By Michael Nadeau, from CSO Online:

You’ve just discovered a breach that exposes your global customers’ personal information. It’s after May 25, so you are required to report the breach within 72 hours to comply with the EU’s General Data Protection Regulation (GDPR). The clock is ticking. Do you know the process for reporting the breach to the EU regulators? To your customers or the general public? No? Well, you’re not alone.

“You’re not going to have time to do a lot of legal research in a cyber crisis, especially if your systems are locked up by a ransomware attack,” says Michael Bahar, global co-lead of the cybersecurity and data privacy practice at Eversheds Sutherland. As increasing numbers of U.S. and global jurisdictions bring new or revised breach legislation and regulations online, research will only become more time-consuming, complex, and stressful—and time is of the essence during a breach.

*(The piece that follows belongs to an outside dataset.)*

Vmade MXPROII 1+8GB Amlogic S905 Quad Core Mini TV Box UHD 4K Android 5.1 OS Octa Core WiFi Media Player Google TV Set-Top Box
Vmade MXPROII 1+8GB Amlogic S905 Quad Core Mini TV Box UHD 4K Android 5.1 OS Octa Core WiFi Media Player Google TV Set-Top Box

Creating a master breach notification plan now that includes the mandated reporting steps for every relevant regulation will reduce the stress. Here’s advice for putting that plan together:

Collaborate with stakeholders and in-house experts

IT alone is not in a position to have all the knowledge needed to execute on even the most refined notification plans. Instead, “the lawyers, the security officers, crisis communication specialists and IT professionals all need to be lashed together at the hip,” Bahar said. “It takes their combined expertise and judgment.”

Bahar even suggests that your organization’s legal team might have to take a leadership role in the notification process. “The potential litigation and regulatory stakes are so high, not to mention the public relations and reputational stakes, so the lawyers need to be heavily involved,” he says. The legal team can help work out what is said and how it is said to best meet requirements and minimize risk—and they don’t need to be wasting time conducting time-sensitive legal research.

Many regulations require public disclosure of the breach, whether that’s to customers, shareholders, partners, and so on. This is where marketing and public relations teams can help with that communication. Here again, collaboration with the legal team is important. “What’s critical is that PR or crisis communications can’t be given carte blanche authority to release anything public facing without having a legal review,” says Bahar.

“By the same token, some lawyers don’t write in the way that’s going to be most comprehensible to the public, so the partnership between IT, crisis comms, security, and lawyers is again so critical,” Bahar adds.